The Story of Pilar.
There is so much I can say about Pilar. I really should jot down more of the crazy stuff she says. Even though she is a suspected android, she can be funny.
When she is not recharging, or galavanting around the country saving whales, beaches, or babies she spends time with me as my translator and Spanish teacher and assistant editor.
I should mention that she has a PHD in linguistics. I don’t know how many times I am going to have to sit through a lecture on verbs in the Spanish language. So you can imagine she is a hoot to talk with about languages. If you want to know about the simplistic syllabic language of the Anglo-Saxons an how the French gave the poor morons of ancient Britain their multi-syllabic words, she’s the one to talk with. Mark my words. I will get an hour long lecture on ending that last sentence with, with!
I believe she might even have multiple degrees so I am observing her for the effects of the “Kyle Conundrum.”
Despite being smart she is also very naive. When we go out to eat she likes to order from the menu. For most of the known world the menu would be just that “the menu.” Here in Chile the Menu is what is on special.

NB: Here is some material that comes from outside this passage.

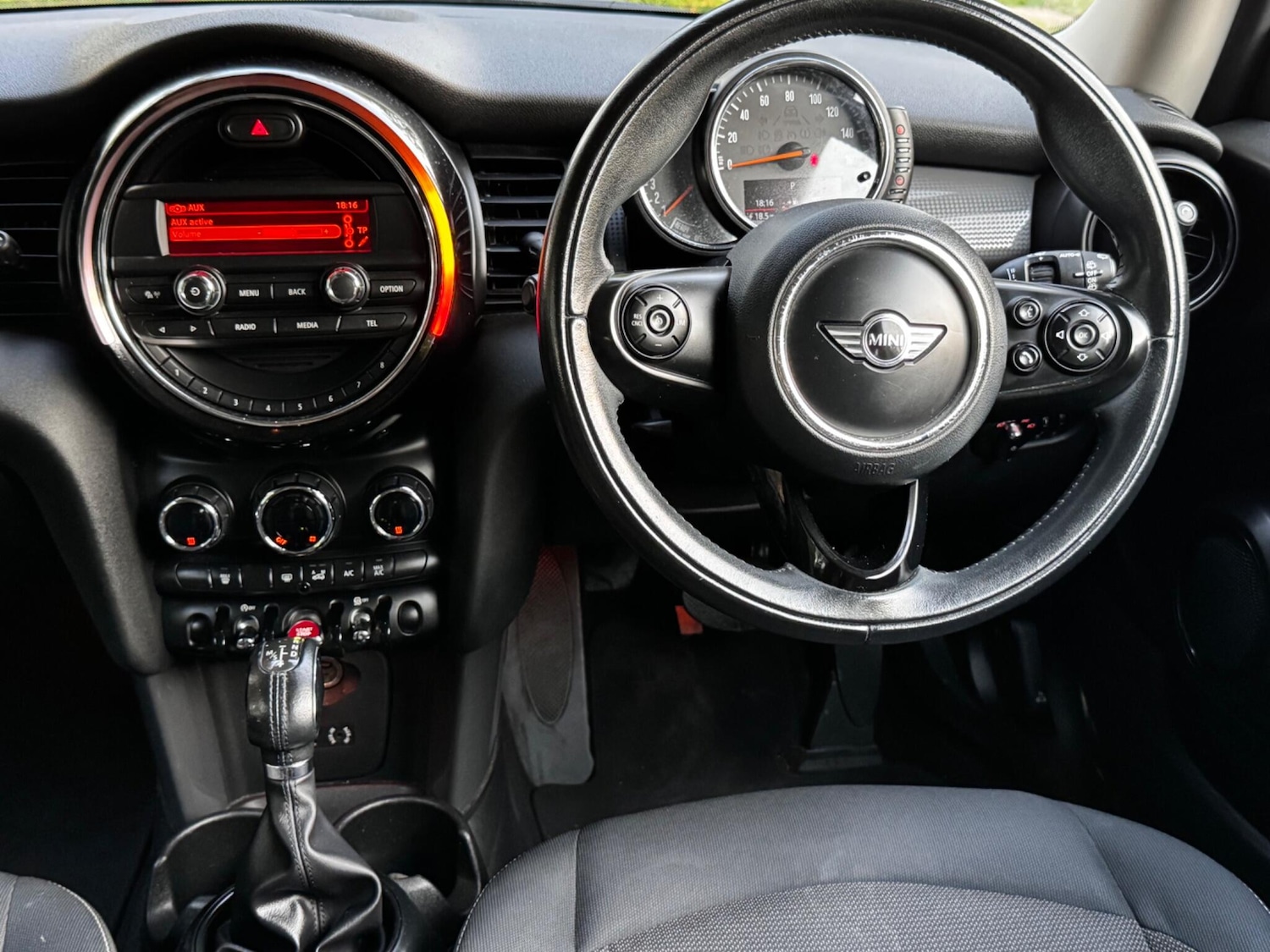 Used MINI Hatch 2015 for sale - 76990464: Photo 28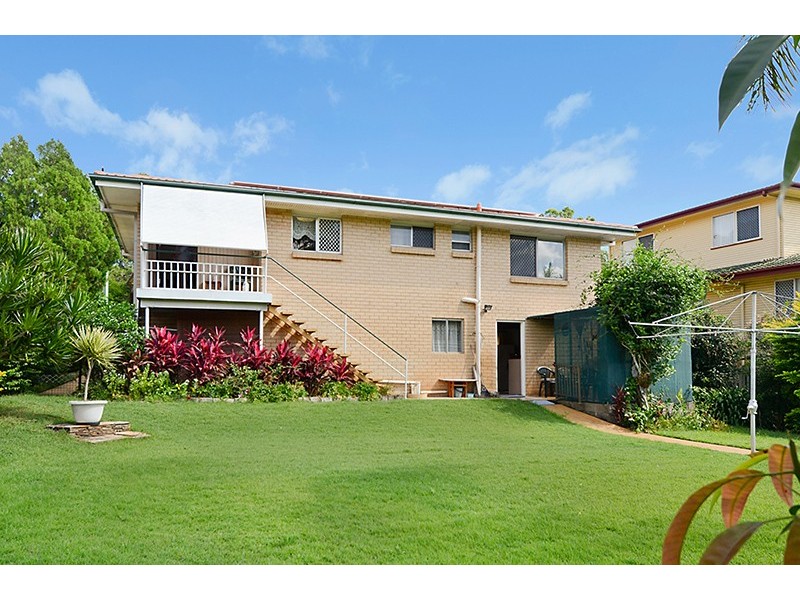 143 Fegen Drive, Moorooka QLD 4105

Time and time again I have witnessed Pilar and Francisco order from “the menu” only to be disappointed by what they received. Whenever Francisco starts singing happy birthday to his meal, you know he thinks it is old and no good. (see post from yesterday Fruto del Mar). Yesterday they were going on and on about the age of the Jello they each received for their desert. Having reached a point where I could take it no more I finally broke the bad news to them.
“You guys do know why these things are the special don’t you?”

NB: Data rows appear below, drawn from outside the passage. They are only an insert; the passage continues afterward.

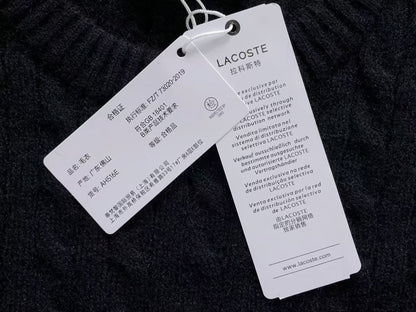 Klassischer Pullover
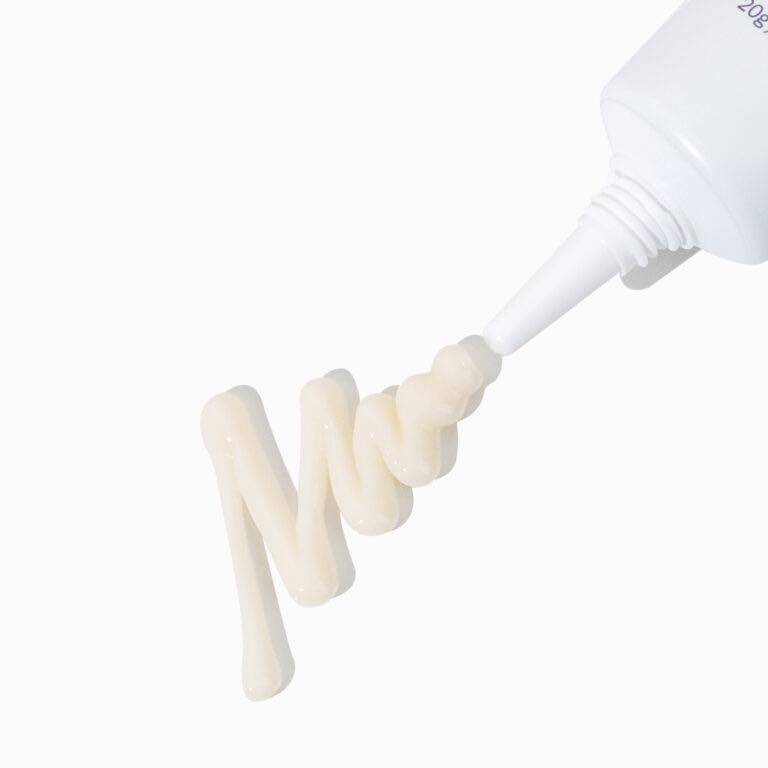 Kem Hỗ Trợ Mờ Nám, Cải Thiện Sắc Tố Da Glutanex Spot Cream Melasma Remover Arbutin 5%, Tranexamic Acid & Glutathione 20g Chính Hãng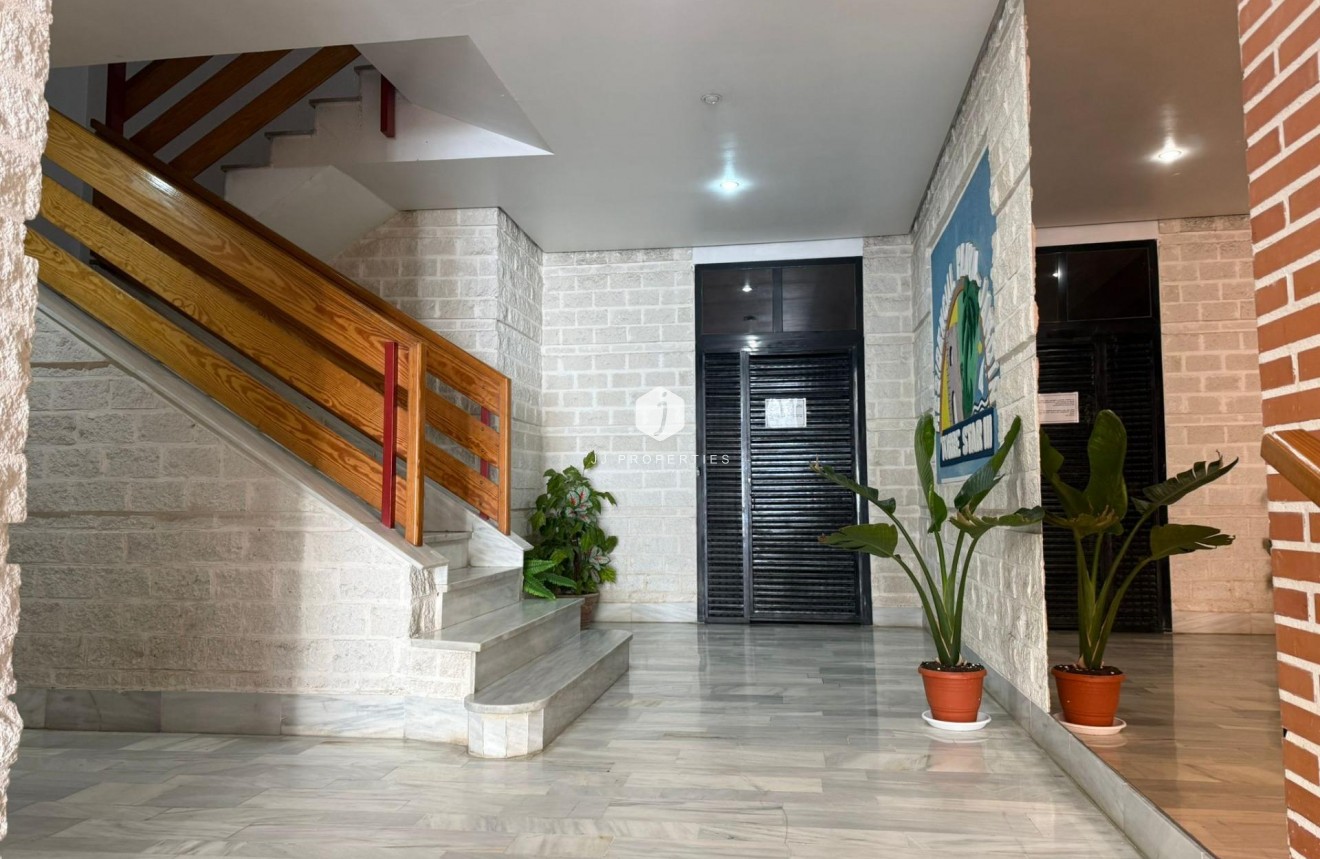 Resale - Apartment / flat -
Torrevieja - Centro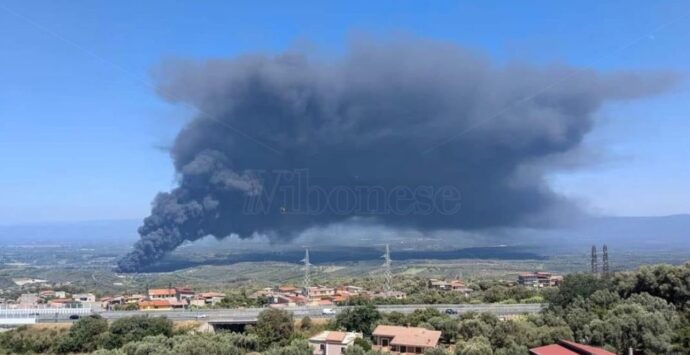 Nube tossica a Palmi, si incendia un deposito di rifiuti plastici e minaccia tutta la Piana. I Comuni: «Chiudetevi in casa» – FOTO e VIDEO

I am answered with vacant stares. “Because it’s old food they are trying to get rid of.”
“You have just ruined lunch for me for the rest of my life.” Pilar declared. Francisco just shrugged and ate the rest of his jello. The faint hum of happy birthday emanating from him in between spoonfuls.

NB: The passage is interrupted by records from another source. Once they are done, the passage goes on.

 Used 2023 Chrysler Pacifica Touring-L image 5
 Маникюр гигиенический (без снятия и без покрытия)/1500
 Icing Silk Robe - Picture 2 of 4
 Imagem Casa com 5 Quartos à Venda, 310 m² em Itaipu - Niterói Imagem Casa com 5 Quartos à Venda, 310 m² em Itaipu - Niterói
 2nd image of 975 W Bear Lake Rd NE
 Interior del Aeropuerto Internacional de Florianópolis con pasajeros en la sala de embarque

I have known Pilar now for almost six years now through the internet. We hadn’t even finished post production of Bloodmoney when she contacted me asking for a Spanish version and trying to get me to come to Chile to show the film.
According to local legend she has been telling people that I am coming to Chile for sometime now. Like the boy who cried wolf they stopped believing her. This last time when the plan was finally coming to fruition she was running around Santiago telling everyone. “He is coming, he is coming. The American is coming.” According to Pilar Revere, she was the crazy woman running around town telling everyone about some fictional American director that was finally coming to Chile.
She wants to be paid since I use her in various stories. Instead I will just recommend her book on Amazon. Like most of what she tells me I have no idea what she is talking about, perhaps because it is in Spanish. Buy it anyway, maybe I will get a lunch out of it.